Now the psalms are prayers, not answers. We are not told why evil things happen. The scriptures instead tell of Israel meeting God again and again in the place of suffering and loss. They tell of Israel discovering that this God is a saviour, who cares passionately about his people.
That pattern and story, of God who makes himself known as saviour in the place where evil is experienced, comes to its fulfilment in Jesus. He lived out the story of Israel in person, even to the point of rejection and death on a Roman cross in occupied Jerusalem.
In this above all we see what God is like. The unfathomable becomes intelligible in suffering the evil that is done in the world. The Creator experiences to the full the fracture in creation, the suffering of the innocent, the pointless meaninglessness of it all.
Because, above all, God reveals himself in Jesus as love. It is through love that he came to us, in love that he shared our life and death. And all so that we might live in love, the love of God, Father, Son and Holy Spirit from before the universe was made. All so that we might become children of God, as St John says.
This is what God is like, and this is why God is not a controlling god like the idols of the nations. Control is not compatible with love. Love requires freedom. Love cannot exist without the possibility that love might be rejected, without the risk that things other than love might happen. That is why the cross is the necessary price of love in a world that does not want to love.
But the cross is not the end. The Creator’s work is not complete. The Divine Wisdom, the Eternal Word, is still at work. In the resurrection the new creation is revealed. The wounded universe is healed and made new. And in the wounds of Christ, which his hands and feet still display, we see that, somehow, beyond our imagining, even the futility of suffering and death is re-created into something glorious.

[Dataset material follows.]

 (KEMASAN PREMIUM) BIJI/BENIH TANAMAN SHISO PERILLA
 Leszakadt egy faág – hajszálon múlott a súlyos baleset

To understand what God the Creator is like, we need then to look at Jesus, who has died, and has been raised to the glory of the Father. For he is the firstborn from the dead, the head of the new creation. In him we see creation completed in the only way that is compatible with love. And in him we see what is prepared for all of us, and indeed for the whole creation, even if now it is, as St Paul says, “subject to futility” and “groaning in the birth-pangs”.
The Book of Revelation at the end of the Bible describes that new creation as being like a glorious city where:
‘The home of God is among mortals. He will dwell with them; they will be his peoples, and God himself will be with them; he will wipe every tear from their eyes. Death will be no more; mourning and crying and pain will be no more, for the first things have passed away.’
The God we see in Jesus is not unconcerned with the suffering of the world. Quite the opposite: he comes to meet and suffer with and alongside his creation. This is not the controlling god that some people might want or imagine. But God is what God is, and the gods of our own imagination are but idols.

And the true God gives us a sure and certain hope, founded on the love that will not fail, hope in the ultimate healing of this broken and wounded world, the taking of everything into the resurrection, which in the Creed we call the life of the world to come.